English 615: Composition Instruction -- Pedagogies and Principles
Spring 2006: Tuesdays, 7:20-10:00 pm
English 615 is designed to provide both immediate help and a foundation for continuing development as a teacher of writing. The course strives to
- Support you as you develop a general philosophy about teaching and prepare specific materials for use when you teach English 101 or a similar writing course
- Provide enough information, via your reading, research, and participation, to help you become more aware of a variety of options and reasonings for writing and teaching writing well
- Allow opportunities to practice, question, adapt, challenge, and compare the writing pedagogy strategies you read about, see, and imagine, particularly in ways that let you connect "theory" to "practice" in a wide range of situations
- Support collegial, reflective conversations about teaching as a practical, scholarly, creative, and collaborative exercise—and thus encourage the questioning and reflection that fosters successful, ever-improving teaching
- Encourage you to value composition teaching and teaching in general as a scholarly and creative enterprise requiring significant complexity of thought and action, and thus one worth your continuing interest and efforts
This is a true introductory class, new-to-you in topic and in pedagogy: for many of you, it's the first "intro" you've taken in several years, and perhaps the last you will take for many years to come. Please try to be patient with the learning curve, with your own frustrations and struggles, with the small steps we sometimes take when you are more used to leaping gracefully about.
This will be a writing-intensive and writing-workshop-intensive class, which should help you connect with your (future) students & peers, encourage you to reflect on the whys and hows of teaching & writing, help you connect your "practice" with your "preaching" (or change one to fit the other), and allow you room to develop your own theories and practices as a writer and writing-teacher.
We will aim not for "right answers" but for increasing pedagogical flexibility.
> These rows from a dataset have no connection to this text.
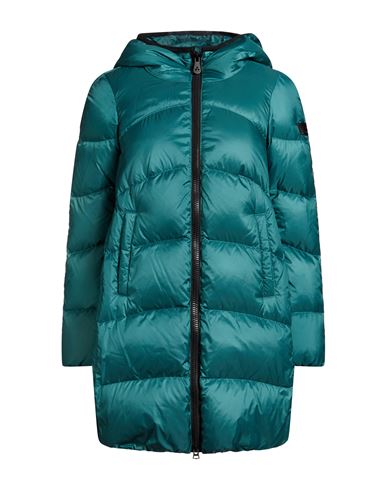 Woman Puffer Deep teal Size 8 Polyester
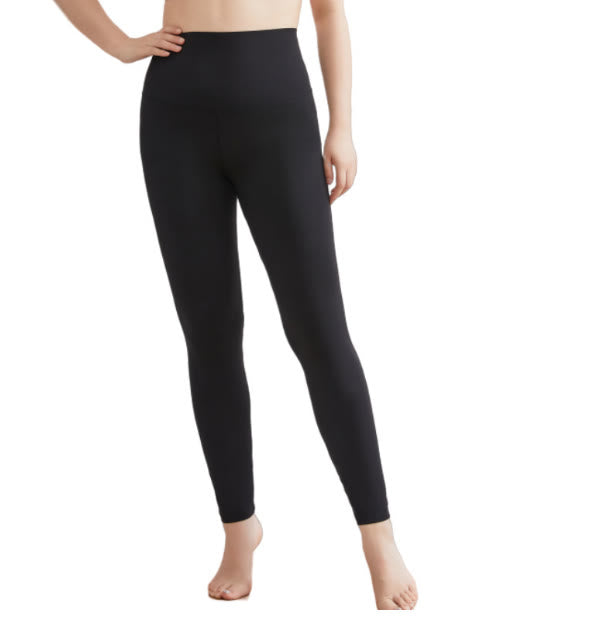 Plus Size Fleece Waist Pantyhose(2 Pairs) - Footless - Black - Fits 99lbs-198lbs - image 11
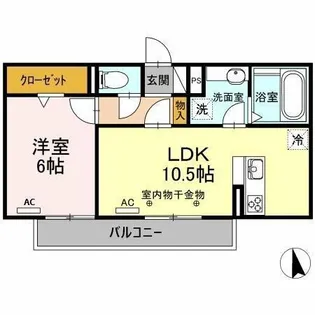 Ott’s Gejo【1階】の間取り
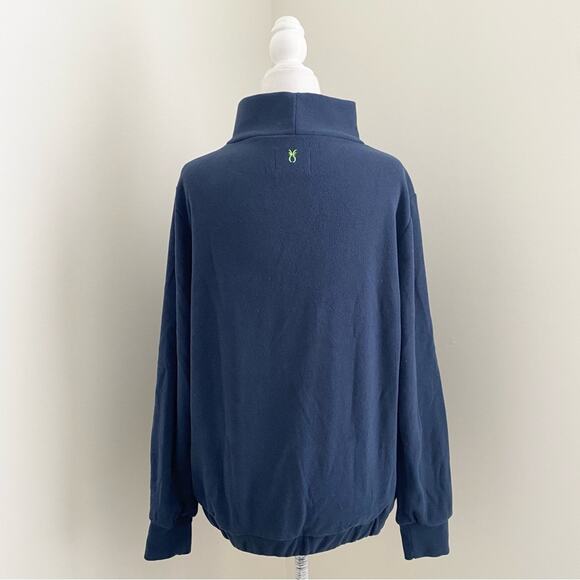 Dudley Stephens Baldwin Turtleneck Sweater Mock Neck Elastic Band Terry Fleece - Picture 5 of 7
We will attempt to keep a balance between finding solutions and raising additional questions, objections, and confusions; between class assignment expectations and individual investigations; and between giving you (additional) "roots" for your preferred pedagogical approaches and helping you gather a range of optional approaches, theories, or assignments.
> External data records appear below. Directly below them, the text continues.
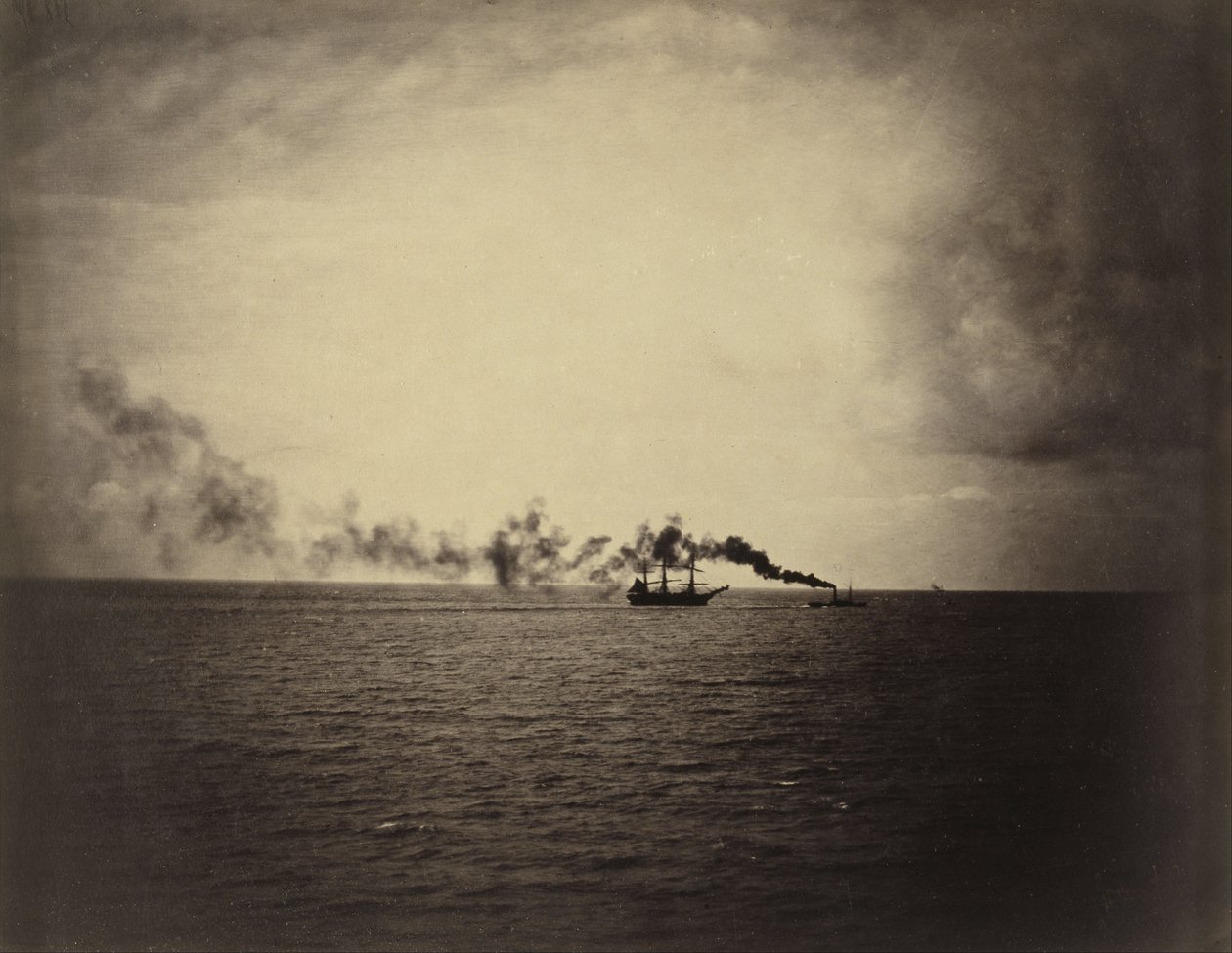 Parník od Gustave Le Gray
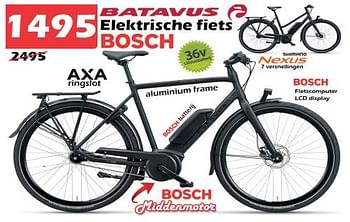 Promoties Elektrische fiets - Batavus - Geldig van 11/03/2023 tot 09/04/2023 bij Itek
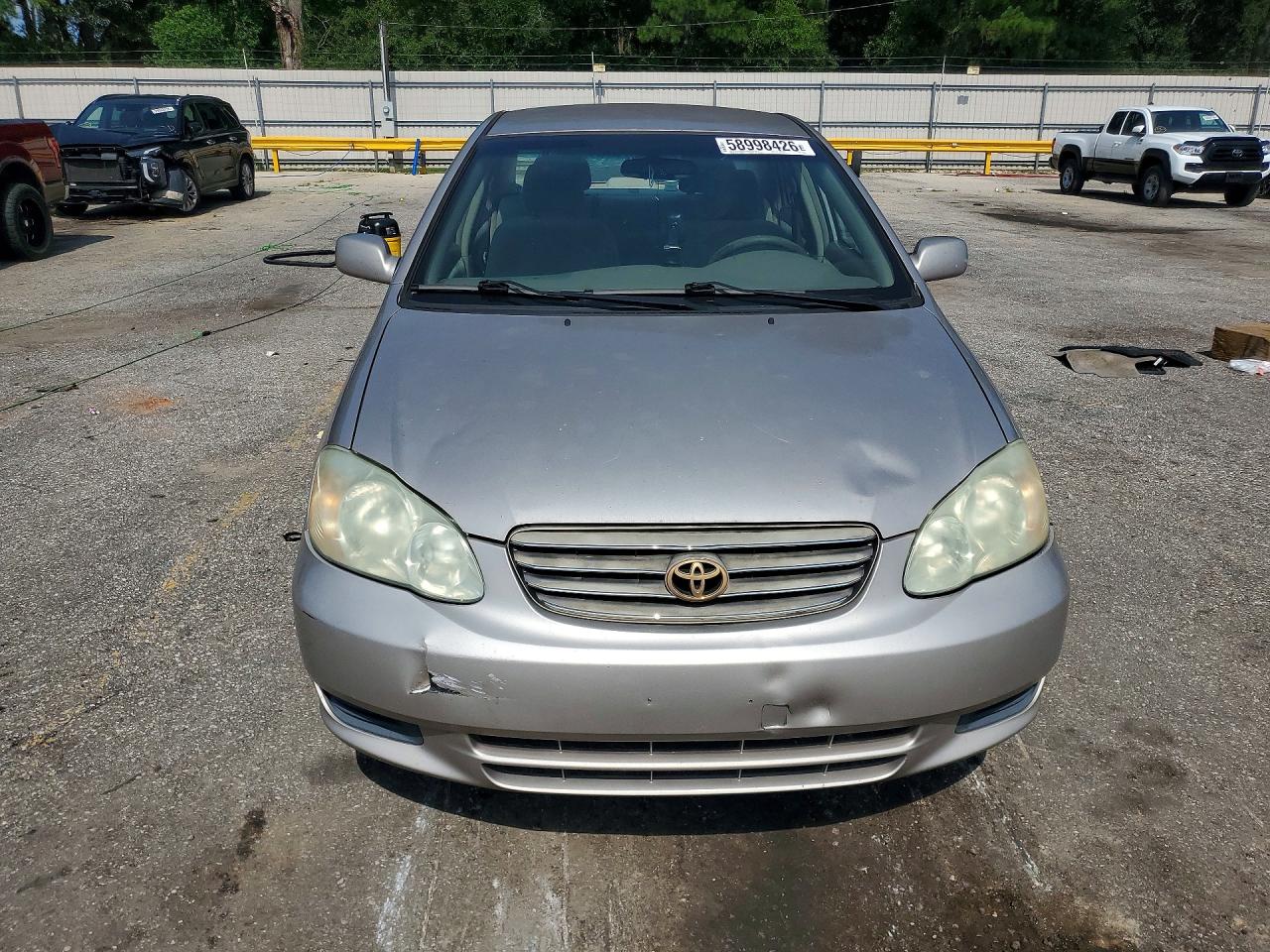 2003 Toyota Corolla Le Silver vin: 1NXBR32EX3Z183554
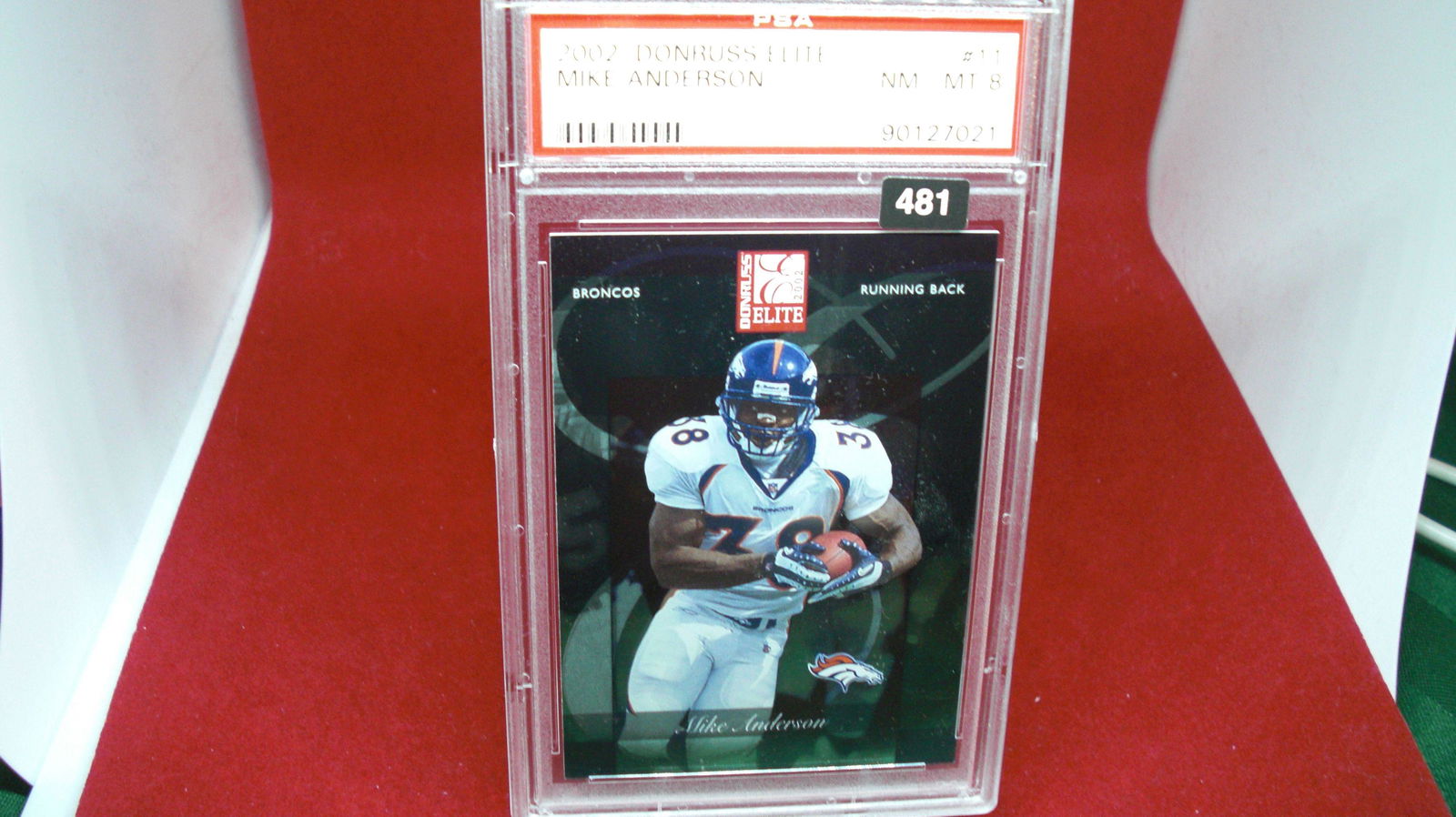 psa graded 2002 mike anderson mint 8 (1 of 1)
In contrast to the "orientations" of the rest of the composition program, then, this class is intended to be dis-orienting, to call "obvious" beliefs and practices into question, to inspire reflection and reconsideration, and to challenge you to go beyond your comfort zones—as writing and teaching so often do.
The more you can use your double-vision in this class, seeing events and assignments and reactions from both a student-perspective and a (future) teacher-perspective, the more useful this class will be.
Course Tools & Expectations
The Books & Readings
- Bean, Engaging Ideas (1996)
- Moore and O'Neill, Practice in Context (2002)
- Straub, A Sourcebook for Responding to Student Writing (1999)
- Glenn, The St. Martin's Guide to Teaching Writing (free copy distributed at the beginning of the semester)
- Johnson & Morahan, Teaching Composition: Background Readings (free copy distributed at the beginning of the semester)
Also, occasional readings accessible via university library databases such as JSTOR or posted on WebCT (http://webct41.gmu.edu).
The Assignments and Grade Values, Very Briefly:
Practical Assignments (9): 30%
Community participation: E-postings, class activity bank, trading cards, and in-class work: 25%
Collaborative Inquiry Project: 10%
Final Teaching/Writing Portfolio: 35%
Other Policies of Note:
Attendance is expected. This is a workshop- and participation-intensive class, so missing more than one meeting will affect your participation grade.
A strict late work policy is inappropriate, given our emphasis on drafting and revising through the semester, though I expect that you'll keep up with both the reading and the writing. The one exception concerns the Collaborative Inquiry Project: although I don't expect problems, if your procrastination adversely affects your team members' work, you will earn a grade-deduction on your individual project grade.
Although it goes without saying, sometimes saying it is important, especially for a workshop class: you are expected to maintain an attitude of professionalrespect and courtesy—if not always agreement—toward other class members.
Students with disabilities: Students with documented disabilities are legally entitled to certain accommodations in the classroom. Students requesting such accommodation must present faculty with a contact sheet from the Disability Resource Center(703-993-2474). I will gladly work with students and the DRC to arrange fair access and support.